A escritora Ceres Maron entrevista o também escritor ERIC NOVELLO...

 

 

Eric Novello já trabalhou em bancadas de laboratórios, drogarias e instalações industriais. Estreou na literatura em 2004 e publicou projetos diversos desde então. Seu romance mais recente – Exorcismos, Amores e Uma Dose de Blues – saiu em 2014 pela Editora Gutenberg.

Multitarefas, é tradutor técnico e literário. Presta serviços ocasionais de leitura crítica e copidesque, tendo trabalhado com vários autores da nova geração.

A lista completa de seus trabalhos como autor, organizador e tradutor encontra-se disponível na seção Publicações.
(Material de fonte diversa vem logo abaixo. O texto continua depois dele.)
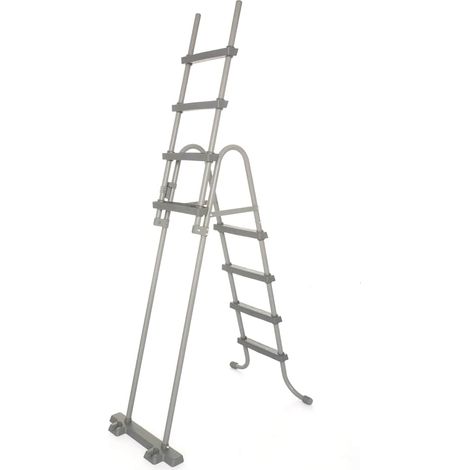 Maison Exclusive - Poolleiter 4 Stufen Flowclear 122 cm 58331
De 2006 a 2012, foi colunista do Jornal de Arte Aguarrás, publicando textos sobre cinema e literatura. Entre 2009 e 2011, integrou a equipe do podcast Papo na Estante. Como compositor, trabalhou com sua irmã Cássia no projeto Noturna e escreveu o blues Doomsday.

Nascido no Rio de Janeiro, decidiu em 2007 se integrar à cultura e ao caos de São Paulo, onde reside atualmente.

Acha o feminismo importante, que a homofobia deve ser criminalizada e que o mundo pode ser menos babaca e careta. Coleciona cactos e suculentas, é dono de um maine coon chamado Odin e adora passar as horas vagas em seu PlayStation, não dispensando uma boa luta de Mortal Kombat nem um rolezinho em Arkham.

 

 

1-    Você já trabalhou em várias profissões e se intitula “multitarefa”. Em quais desses trabalhos todos você, realmente, se encontra e por quê?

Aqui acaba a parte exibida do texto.